** GIVEN ENTRIES follows **

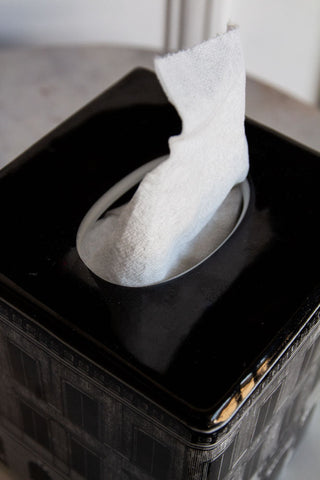 Image of the top of the Monochrome Window Tissue Box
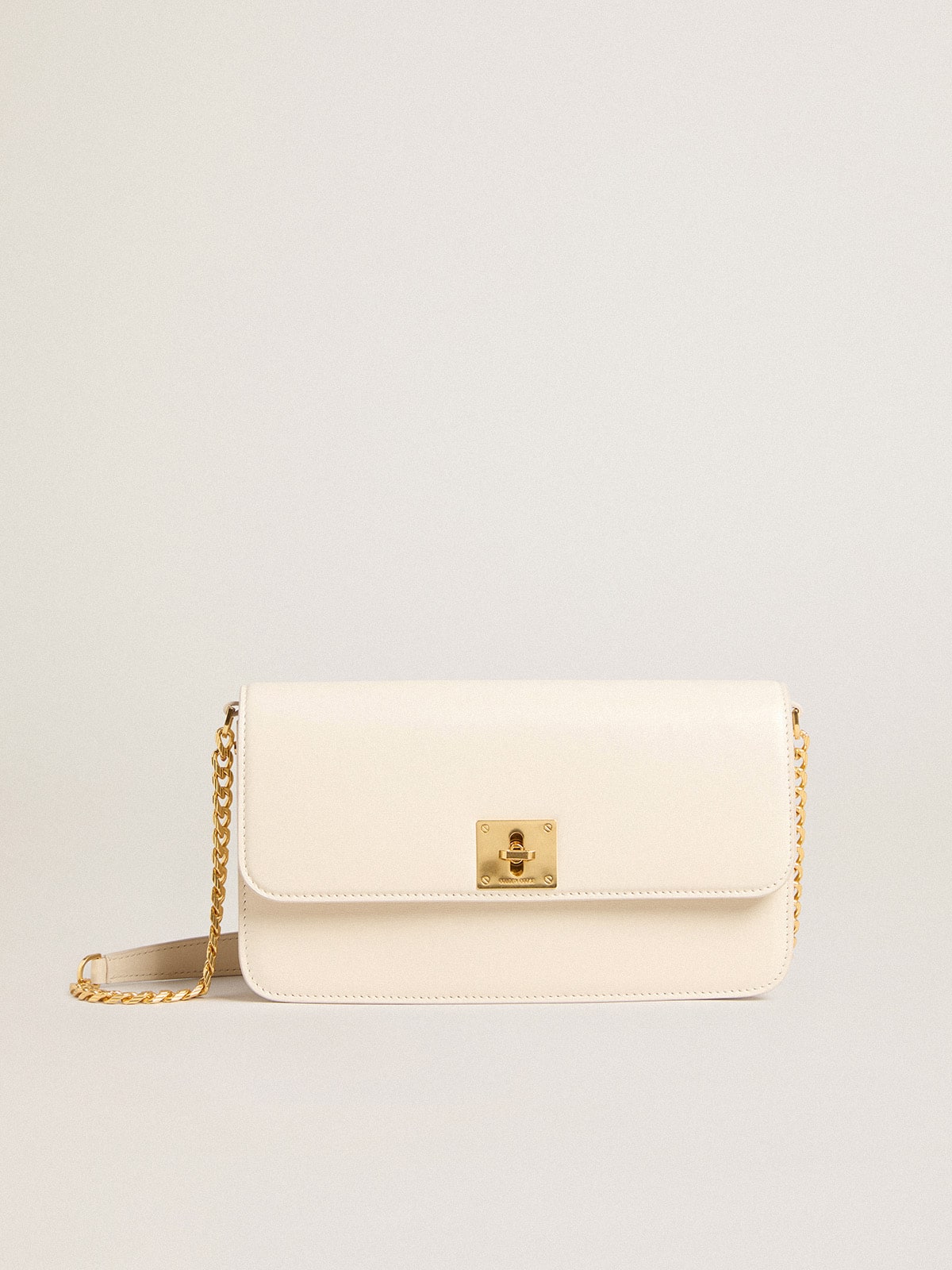 Gioia Bag in butter-colored boarded leather with gold details| Golden Goose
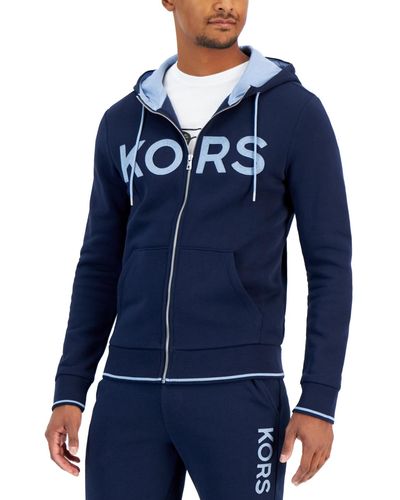 Michael Kors Zip-front Fleece Logo Hoodie - Blue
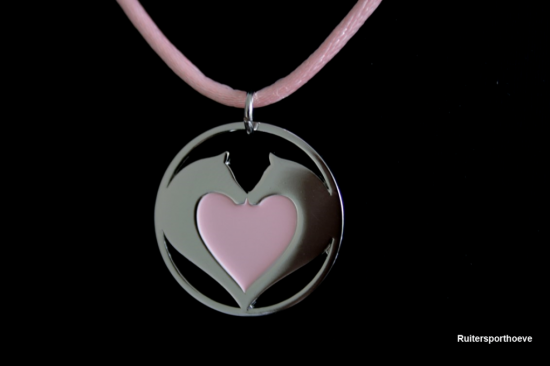 Satijnen Ketting Paardenhart Roze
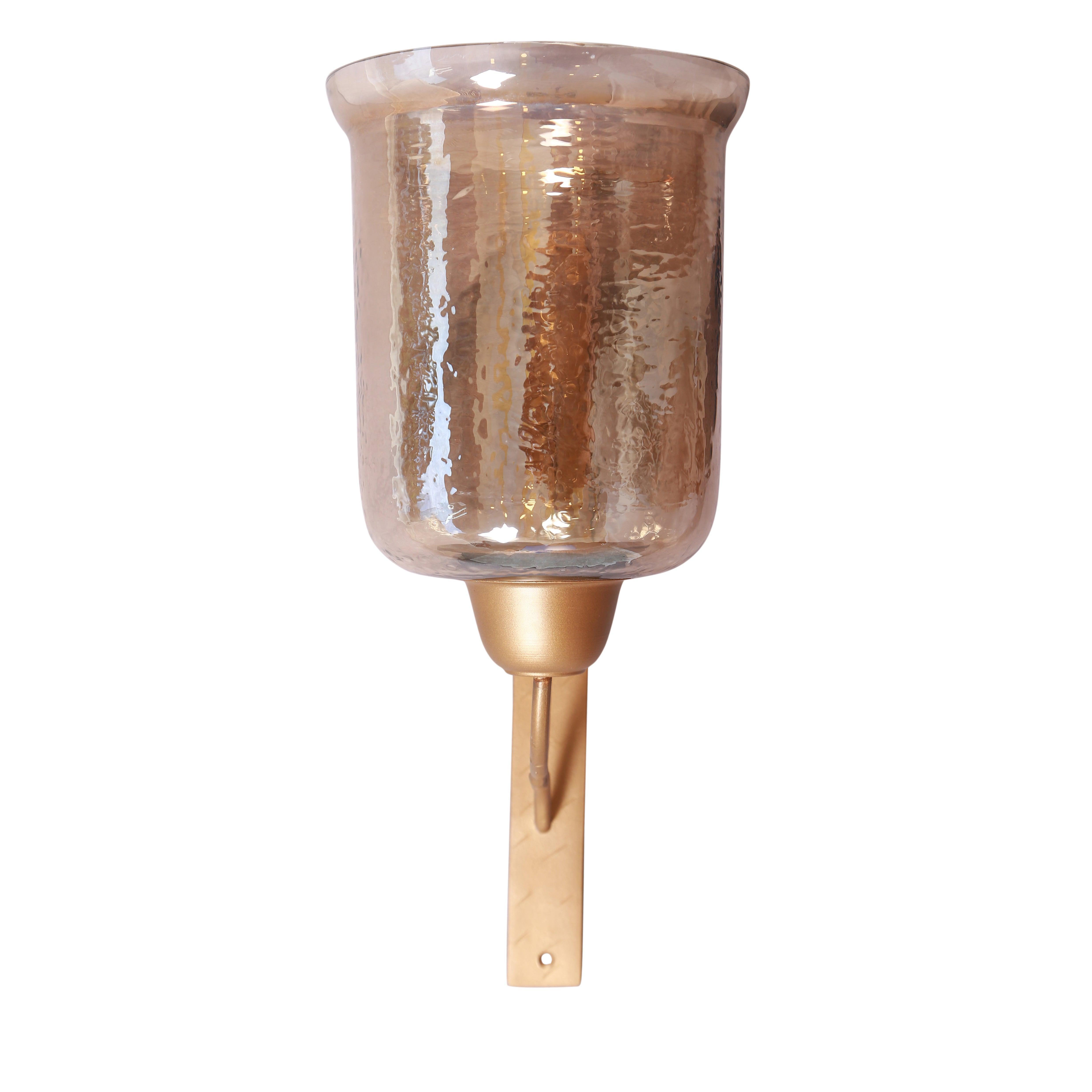 Buy Wall Light - Roshni Wall Mounted Candle Holder | Dull Gold and Lusture Glass Wall Hurricane by Manor House on IKIRU online store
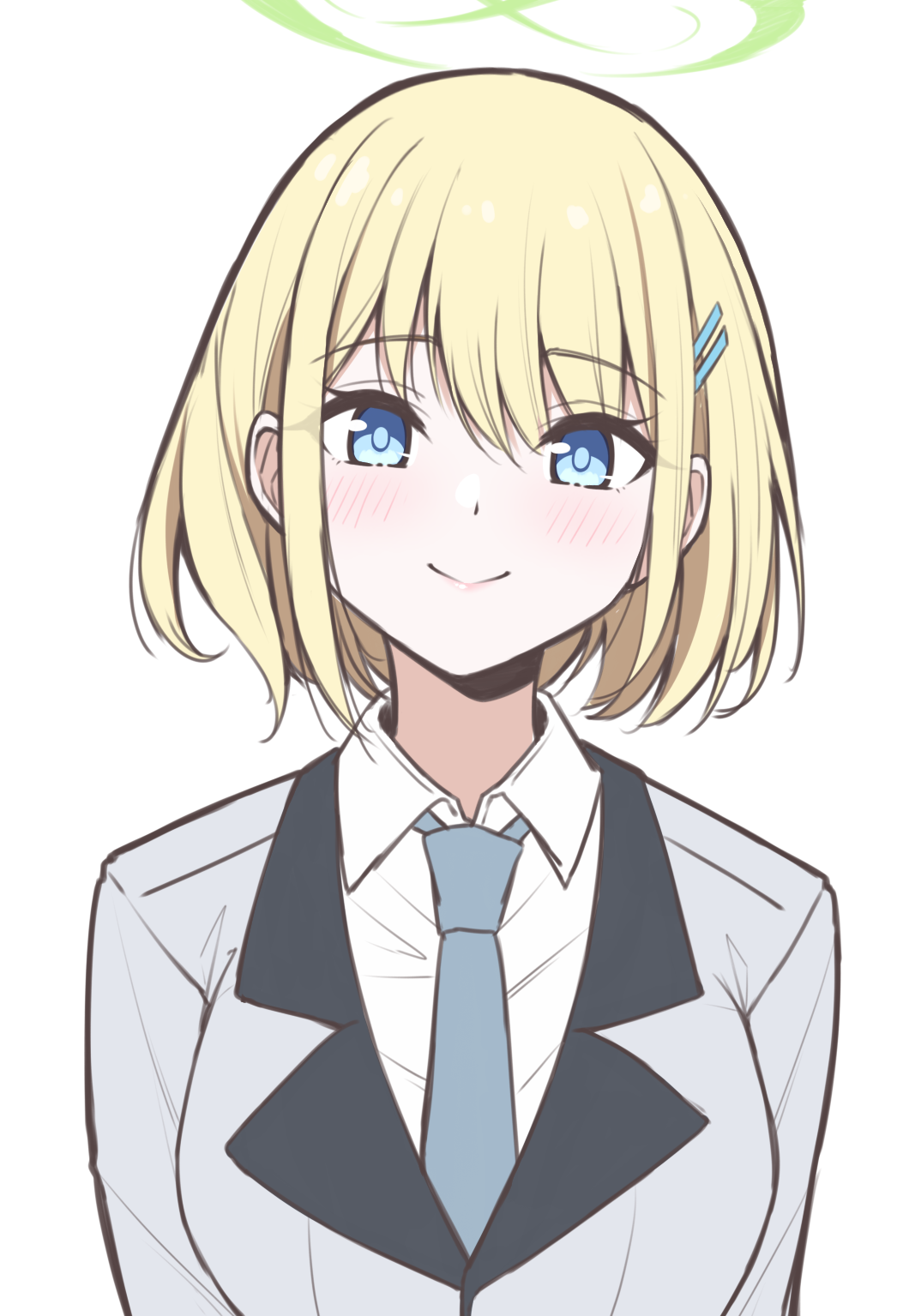 1girl blazer blonde_hair blue_necktie blush closed_mouth commentary green_halo grey_jacket hair_ornament hairclip halo highres jacket long_sleeves looking_at_viewer necktie original reia_76 short_hair simple_background smile solo white_background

** End of GIVEN ENTRIES **

(YOUR ASSIGNMENT): Repeat exactly the lines above, from the line that contains "Michael Kors Zip-front" down through the line that contains "Buy Wall Light". Include both of those lines and none of the pictures.

(RESULT BELOW):
 Michael Kors Zip-front Fleece Logo Hoodie - Blue
 Satijnen Ketting Paardenhart Roze
 Buy Wall Light - Roshni Wall Mounted Candle Holder | Dull Gold and Lusture Glass Wall Hurricane by Manor House on IKIRU online store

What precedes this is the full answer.